[Task details] Set down nothing except the lines starting at the one with "Photo of Kitchen in People's Freeway" and ending at the final line of the material, each word for word.

[Supplied data]

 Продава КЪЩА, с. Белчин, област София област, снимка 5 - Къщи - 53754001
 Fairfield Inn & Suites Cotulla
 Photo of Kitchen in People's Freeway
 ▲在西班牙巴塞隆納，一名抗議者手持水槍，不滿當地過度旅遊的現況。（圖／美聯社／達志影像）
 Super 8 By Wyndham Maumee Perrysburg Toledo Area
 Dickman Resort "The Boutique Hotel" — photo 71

[Expected answer]
 Photo of Kitchen in People's Freeway
 ▲在西班牙巴塞隆納，一名抗議者手持水槍，不滿當地過度旅遊的現況。（圖／美聯社／達志影像）
 Super 8 By Wyndham Maumee Perrysburg Toledo Area
 Dickman Resort "The Boutique Hotel" — photo 71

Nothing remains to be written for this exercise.